The trouble with dilbit is that refiners don’t like the resulting crude blend because it has too many light hydrocarbon components that they do not typically need (see Turner Mason and the Goblet of Light and Heavy). The result is that the diluent used to move bitumen is considered a “mule” that has to be procured – often from far away (see Fifty Shades of Eh?) and adds to the volume shipped without adding to the real payload. Nevertheless conventional wisdom has assumed that pipelines are the only way to ship crude long distance overland and so heavy crude bitumen is blended with diluent and shipped to market as dilbit.

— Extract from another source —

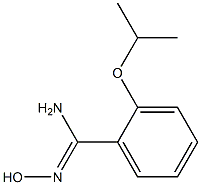 N'-hydroxy-2-isopropoxybenzenecarboximidamide Struktur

Canadian Producer Travel Sickness
Canadian crude production expanded steadily over the past decade – up by 1 MMb/d from 2.5 MMb/d in 2003 to 3.5 MMb/d in 2012. The majority of that increased production is heavy crude from Western Canada. With limited local demand the obvious market was exports to the US. And initially expanding Canadian production was sent by pipeline to Midwest refiners, many of who invested to reconfigure their refineries to handle heavy crude. As Canadian production began to exceed Midwest refining capacity, plans were made to expand pipeline capacity out of Canada all the way to the Gulf Coast (e.g. the Keystone XL pipeline). Gulf Coast refineries were already processing heavy crude from Venezuela and Mexico and as those volumes declined, Canadian heavy crude was expected to be an ideal replacement.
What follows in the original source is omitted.